Data flows down: Adapter → Limiter → Store → Strategy (pure function).

Results flow up: Strategy returns RateLimitResult → Store persists new state → Limiter returns result → Adapter translates to framework response.

How It's Tested

The test suite uses vitest with property-based testing (fast-check) and runs in under 3 seconds.

npm test          # 300+ tests
npm run coverage  # > 84 % line coverage across 20+ test files
  • Strategy-level tests — each pure strategy function is tested with ManualClock at exact boundary conditions (exactly at limit, one over, one under, reset boundary, zero cost, negative cost, cost > limit). Property-based tests verify invariants (remaining never negative, resetAt monotonically increasing, retryAfterMs = 0 when allowed).
  • Store conformance suiterunStoreConformance(store, label) from throttlekit/testkit runs atomicity, TTL, and round-trip tests against any Store implementation.
  • Adapter integration tests — each adapter is tested with a mock framework object (Express req/res, Hono context, Fastify request/reply, etc.).
  • Distributed tests — Redis tests run against mockRedisClient() (in-memory mock that simulates NOSCRIPT on first EVALSHA). A separate integration suite targets a real Redis instance (skipped unless REDIS_URL is set).
  • Admission control testsadaptiveThrottle, fairShare, and weightedMaxMin are tested with property-based scenarios (concurrent clients, varying weights, burst arrivals).
  • Sketch tests — verifies that CMS error bounds hold (practically: estimate ≤ true count + epsilon * total), that merge is commutative, and that serialization round-trips preserve the sketch state.

Migration

From express-rate-limit

// express-rate-limit v8
import rateLimit from 'express-rate-limit';
app.use(rateLimit({ windowMs: 60_000, max: 100 }));

// ThrottleKit
import { fixedWindow } from 'throttlekit';
import { expressAdapter } from 'throttlekit/express';

const limiter = fixedWindow({ limit: 100, windowMs: 60_000 });
app.use('/api', expressAdapter(limiter));

Key differences:

  • ThrottleKit decouples the limiter from the middleware — you can reuse the same limiter across adapters.
  • The 429 response body is { error, retryAfterMs } by default (customisable via handler).
  • Headers follow the IETF RateLimit-* draft by default; you can opt into legacy X-RateLimit-* with emit: { legacy: true }.
  • skip, keyGenerator, and draft_polli_ratelimit_headers are replaced by keyExtractor, emit, and the full HeaderEmitOptions object.

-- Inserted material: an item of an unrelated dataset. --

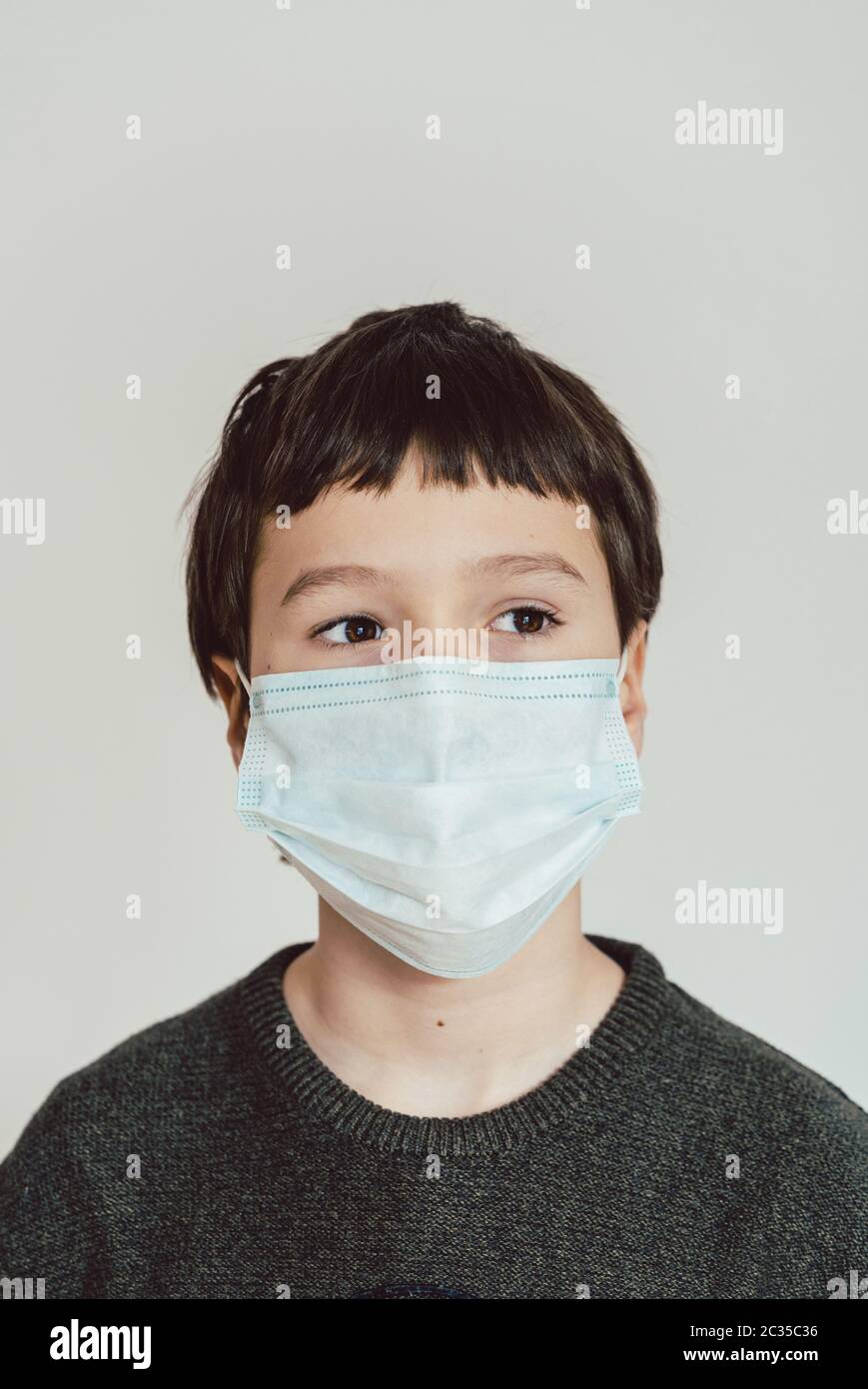 Young boy wearing face mask during Covid-19 crisis staying at home Stock Photo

From rate-limiter-flexible

// rate-limiter-flexible
import { RateLimiterRedis } from 'rate-limiter-flexible';
const limiter = new RateLimiterRedis({ storeClient: redis, points: 100, duration: 60 });

// ThrottleKit with Redis
import { tokenBucket } from 'throttlekit';
import { createRedisStore } from 'throttlekit/redis';

const store = await createRedisStore({ redis });
const limiter = tokenBucket({ capacity: 100, refillRate: 100 / 60, store });

Key differences:

  • ThrottleKit uses capacity + refillRate (token bucket) or limit + windowMs (window-based) instead of points + duration.
  • limiter.check(key, cost?) returns { allowed, remaining, resetAt, retryAfterMs } instead of { remainingMs, consumedPoints, ... }.
  • limiter.peek() is non-mutating (does not consume capacity).
  • Lua scripts are preferred over WATCH/MULTI/EXEC for Redis atomicity (fallback only when Lua is unavailable).